The carefully worded letter appears reasonable, except what purpose was conveyed other than forcing the universities to incur high litigation fees? Using ADA as a weapon to purge free sharing of collective intelligence is despicable. I understand universities have limited resources and priorities for their enrolled students, but they should retaliate out of principles.
The community can help with providing captions. Charing $1 fee. Routing the money to a charity. Anything is better than removing the content because that is the complaint's end goal.
You have no idea what you're talking about. Paid online courses are also required to make their courses accessible to students, what's different for them is they can make a course accessible to each specific student which can be easier (e.g. if a student is deaf, they need captions but not written descriptions of visuals). Most cases involved brick 'n mortar businesses and institutions and in many online cases they've been extensions of the physical world (Target, UC Berkeley). More recent cases (Netflix) have made it clear that online-only entities are also considered places of public accommodation.

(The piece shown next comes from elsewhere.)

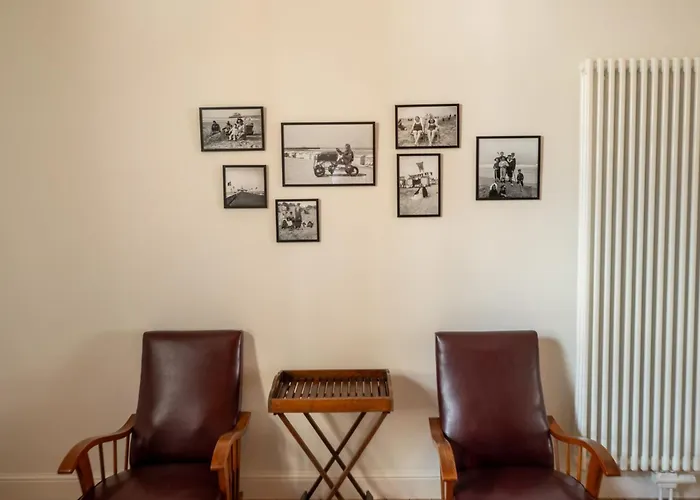 Historical And Spacious Amanda By Interhome 別荘 *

Why UC Berkeley this time? I don't know, other than the complainants came to the DoJ about them, and not some other school.
The purpose of the letter is not to cost the University or to stop them making the materials available. The DoJ never suggests that, it's Berkeley that raised the idea on their own. The purpose is to explain how the University has been violating the law and what they can to correct it so ultimately what is offered can also be used by people with disabilities.
I respect several points you made, but there's no reason for me to rebuttal since the argument became unintelligible with your first sentence.
If you care, please read the 10-page letter. The statistics used were out of proportion backed by limited user stories, and why is UC Berkeley considering removing the content? Page 4-7 may have some clues. But I wouln't really know since I have no idea what I am talking about.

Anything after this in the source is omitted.